Task goal -> Word for word, please restate each record and pass over the pictures.

Image-caption web data
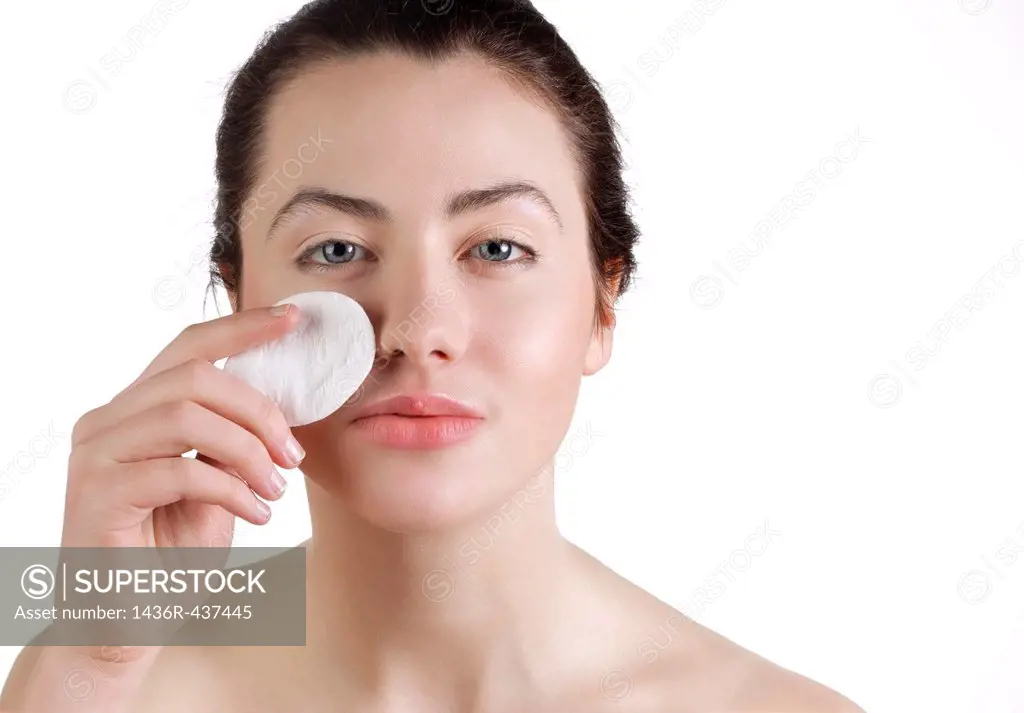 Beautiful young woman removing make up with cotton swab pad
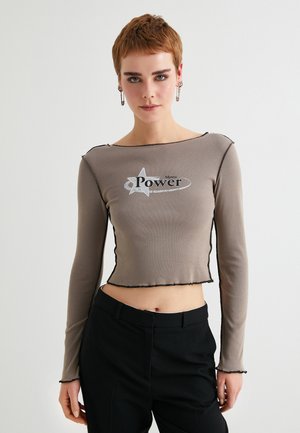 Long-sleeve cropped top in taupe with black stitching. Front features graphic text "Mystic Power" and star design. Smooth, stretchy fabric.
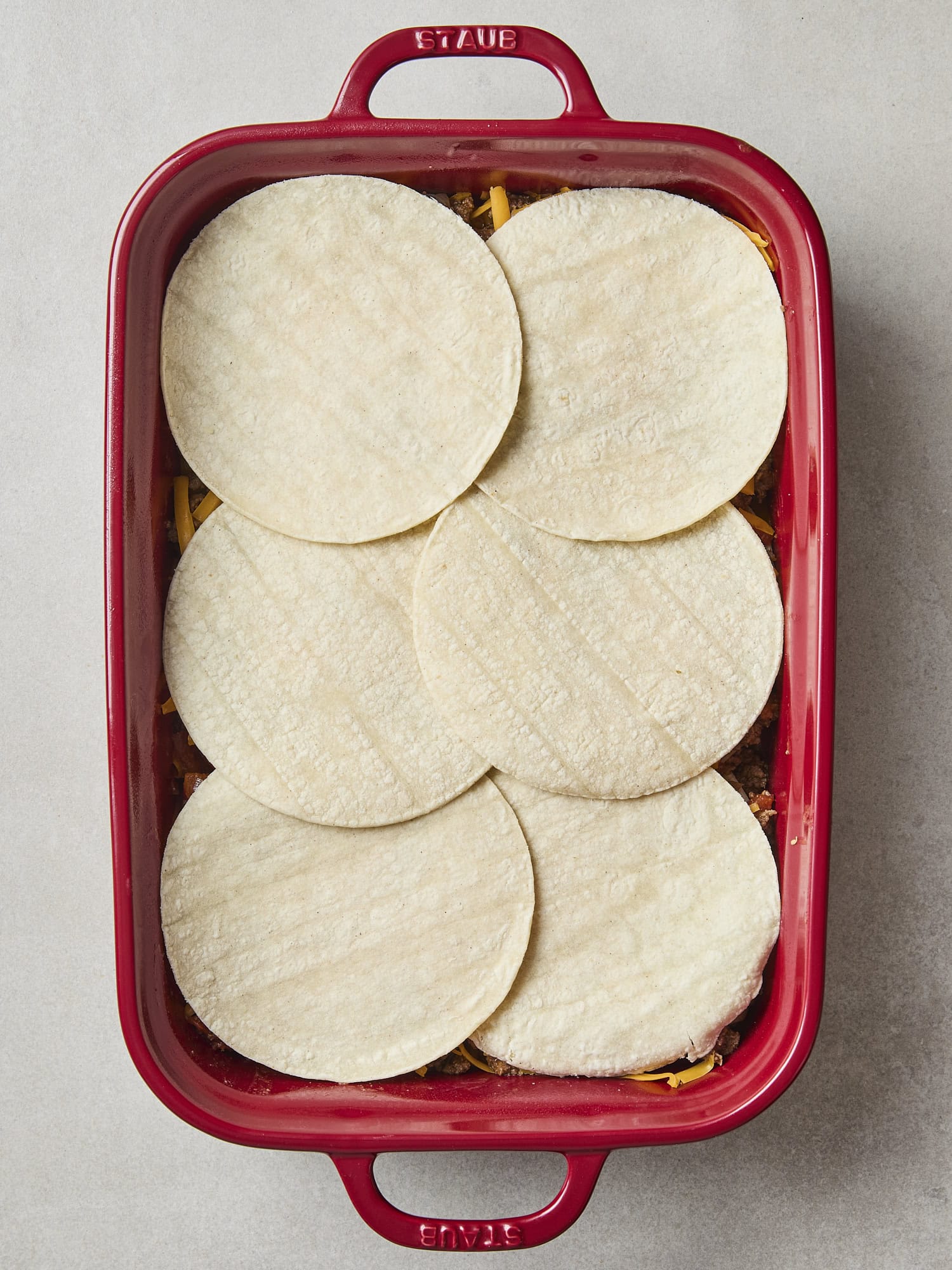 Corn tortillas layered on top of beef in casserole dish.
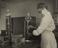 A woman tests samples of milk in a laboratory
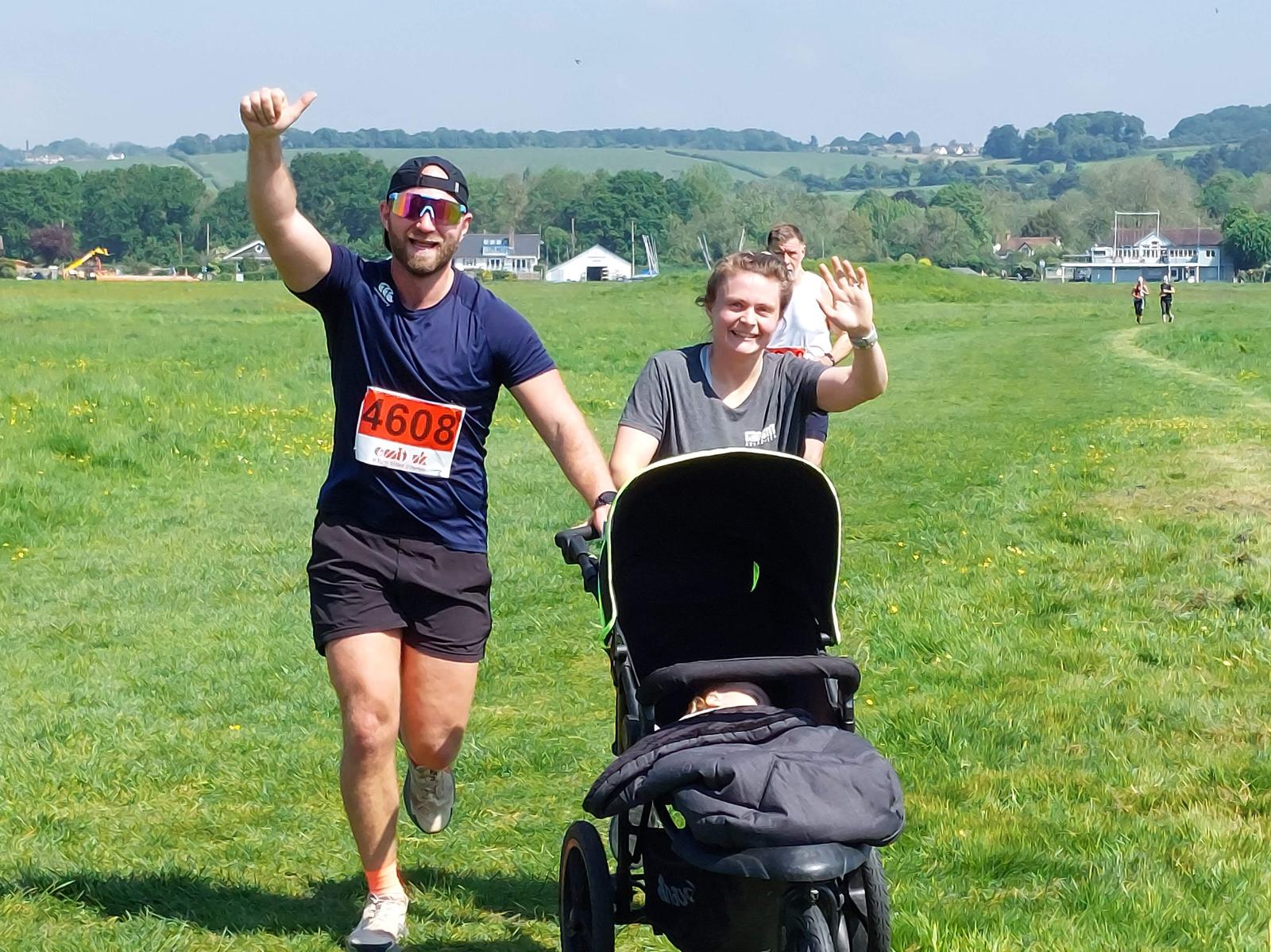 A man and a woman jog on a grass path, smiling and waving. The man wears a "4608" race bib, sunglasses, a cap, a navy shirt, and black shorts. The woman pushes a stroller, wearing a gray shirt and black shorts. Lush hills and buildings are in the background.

Result of the task ->
 Beautiful young woman removing make up with cotton swab pad
 Long-sleeve cropped top in taupe with black stitching. Front features graphic text "Mystic Power" and star design. Smooth, stretchy fabric.
 Corn tortillas layered on top of beef in casserole dish.
 A woman tests samples of milk in a laboratory
 A man and a woman jog on a grass path, smiling and waving. The man wears a "4608" race bib, sunglasses, a cap, a navy shirt, and black shorts. The woman pushes a stroller, wearing a gray shirt and black shorts. Lush hills and buildings are in the background.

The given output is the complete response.